A bioterrorism guidebook that explains how to kill people with nerve gas also was found in Felton and Chase's apartment in Boston's North End.

Felton's lawyer, Lenore Glaser, said in court papers that prosecutors have no evidence of an actual bomb. Glaser also contends that the government cannot prove Felton and Chase intended to bomb an ethnic target.

Chase insisted in court documents that "there were not any kind of terrorist plans at all."

Felton is the son of a white mother and an African American father, both former civil rights activists. He was released from a New Jersey prison in January 2001 after serving 11 years for attempting to murder a black taxicab driver in New York with a crowbar. While imprisoned, authorities said, he tried to slit the throats of an African American and a Latino inmate.

Felton attempted suicide in jail following his indictment in June 2001 after news reports revealed his racial heritage.

Writing to a Boston newspaper while he was in jail, Felton attributed his problems to his parents and their interracial marriage.
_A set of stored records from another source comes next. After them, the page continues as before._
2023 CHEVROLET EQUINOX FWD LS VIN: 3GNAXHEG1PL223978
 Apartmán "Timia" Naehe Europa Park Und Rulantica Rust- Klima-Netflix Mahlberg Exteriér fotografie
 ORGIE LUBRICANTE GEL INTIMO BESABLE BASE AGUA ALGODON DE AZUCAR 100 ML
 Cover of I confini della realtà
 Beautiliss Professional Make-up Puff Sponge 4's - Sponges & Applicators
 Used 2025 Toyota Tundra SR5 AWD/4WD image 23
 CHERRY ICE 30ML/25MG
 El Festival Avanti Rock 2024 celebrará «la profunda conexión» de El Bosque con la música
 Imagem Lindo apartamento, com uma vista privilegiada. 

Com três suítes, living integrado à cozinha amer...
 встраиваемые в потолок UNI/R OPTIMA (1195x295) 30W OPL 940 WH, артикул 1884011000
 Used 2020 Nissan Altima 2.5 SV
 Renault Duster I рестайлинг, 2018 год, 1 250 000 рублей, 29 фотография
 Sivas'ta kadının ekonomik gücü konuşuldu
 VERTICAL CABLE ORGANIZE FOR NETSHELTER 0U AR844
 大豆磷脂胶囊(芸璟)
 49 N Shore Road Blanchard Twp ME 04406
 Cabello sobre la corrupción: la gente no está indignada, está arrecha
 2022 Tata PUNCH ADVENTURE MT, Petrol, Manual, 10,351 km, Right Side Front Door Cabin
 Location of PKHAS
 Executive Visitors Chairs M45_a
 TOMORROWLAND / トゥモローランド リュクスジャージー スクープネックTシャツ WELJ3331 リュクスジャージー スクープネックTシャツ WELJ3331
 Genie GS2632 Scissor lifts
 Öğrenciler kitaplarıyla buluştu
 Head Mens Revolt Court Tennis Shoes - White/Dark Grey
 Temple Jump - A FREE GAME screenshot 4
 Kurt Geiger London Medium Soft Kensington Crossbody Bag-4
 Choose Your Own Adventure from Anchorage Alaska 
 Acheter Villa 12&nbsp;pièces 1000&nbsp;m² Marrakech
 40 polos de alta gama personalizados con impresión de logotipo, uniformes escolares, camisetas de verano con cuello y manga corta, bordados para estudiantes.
He blasted the mixing of black and white blood as "evil."

Chase, a slight woman who wears her dark hair in long ringlets, began writing to Felton in prison two years ago through an outreach ministry run by the World Church of the Creator--a religion established for "the survival, expansion and advancement of [the] White Race exclusively."

Because of "the inflammatory nature of the accusations," U.S. District Judge Nancy Gertner said she expected jury selection to continue for at least a week.

Gertner said Monday that of 100 prospective jurors, 19 were excused.

Although she turned down a defense request to hold a bench trial--in which the jury is waived--Gertner conceded that some jurors could feel "nervous" about a trial involving explosives "in light of Sept. 11."

Beyond the defendants' guilt or innocence, the case, said Amy Yellin, spokeswoman for the New England office of the Anti-Defamation League, serves as "a reminder of the significant threat to our communities that is posed by modern-day extremists who have access to weapons that can cause significant harm." The trial is scheduled to last five weeks.